In climatic time series abrupt changes are observed. We hypothesize that these abrupt changes are due to nonlinear responses inherent in the climate system, specifically, so-called tipping points. This behaviour result from non-linear climate response to either external forcing, internal stochastic fluctuations or a combination of both. At some point the forcing will cause the climate to jump from one stable state to another. This scenario is termed a tipping point. The concept of a tipping point is quite broad, but here we shall refrain from any general definitions and consider the following more restricted framework: We consider the climate or some components of the climate as a dynamical system depending on a set of parameters. Factors, not included in the system interacting with components of the system, can then be considered external forcing or stochastic fluctuations.
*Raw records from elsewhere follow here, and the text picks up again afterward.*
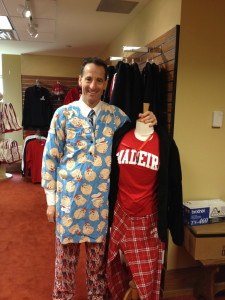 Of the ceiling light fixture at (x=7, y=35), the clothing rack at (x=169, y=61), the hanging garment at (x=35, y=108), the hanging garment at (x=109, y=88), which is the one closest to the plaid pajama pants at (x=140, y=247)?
the clothing rack at (x=169, y=61)

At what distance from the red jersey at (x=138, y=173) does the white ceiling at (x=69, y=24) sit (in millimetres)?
1521

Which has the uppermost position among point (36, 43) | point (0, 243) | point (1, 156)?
point (36, 43)

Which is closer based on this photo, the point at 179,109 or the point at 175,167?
the point at 175,167

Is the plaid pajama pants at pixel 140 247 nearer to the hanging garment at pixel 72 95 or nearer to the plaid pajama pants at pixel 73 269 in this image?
the plaid pajama pants at pixel 73 269

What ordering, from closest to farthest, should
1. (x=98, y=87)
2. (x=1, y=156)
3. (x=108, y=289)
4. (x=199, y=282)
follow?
(x=98, y=87), (x=108, y=289), (x=199, y=282), (x=1, y=156)

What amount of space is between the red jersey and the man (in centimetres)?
9

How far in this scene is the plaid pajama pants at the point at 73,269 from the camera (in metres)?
1.59

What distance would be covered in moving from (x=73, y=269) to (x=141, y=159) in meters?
0.80

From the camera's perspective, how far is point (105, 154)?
4.91ft

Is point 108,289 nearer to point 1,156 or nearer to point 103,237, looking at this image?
point 103,237

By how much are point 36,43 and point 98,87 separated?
3286 mm

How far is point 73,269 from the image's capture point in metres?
1.63

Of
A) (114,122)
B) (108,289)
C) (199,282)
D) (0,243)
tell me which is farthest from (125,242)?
(0,243)

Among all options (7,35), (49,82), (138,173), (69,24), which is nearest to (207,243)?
(138,173) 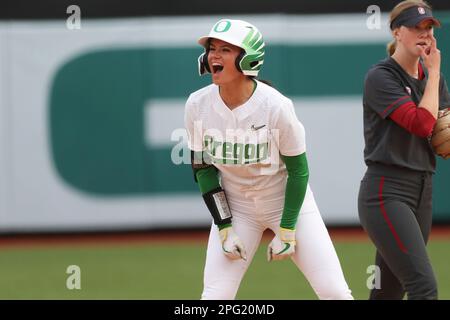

Two common, and often competing, hypotheses are: The climate system’s steady state loses its stability and disappears as an external system (control-)parameter slowly changes, so-called b-tipping, b for bifurcation-induced; or fluctuations spontaneously push the climate system from one stable state to another, so-called n-tipping, n for noise-induced. The cause of the tipping can be very different in the two cases, and especially the possibility of predicting a tipping will be different. In the case that the underlying dynamics or the control-parameter are not completely known, there could still be early warning signals in the statistics of the observed fluctuations prior to a tipping point. The Pleistocene climate is documented in a variety of geological records, most promi-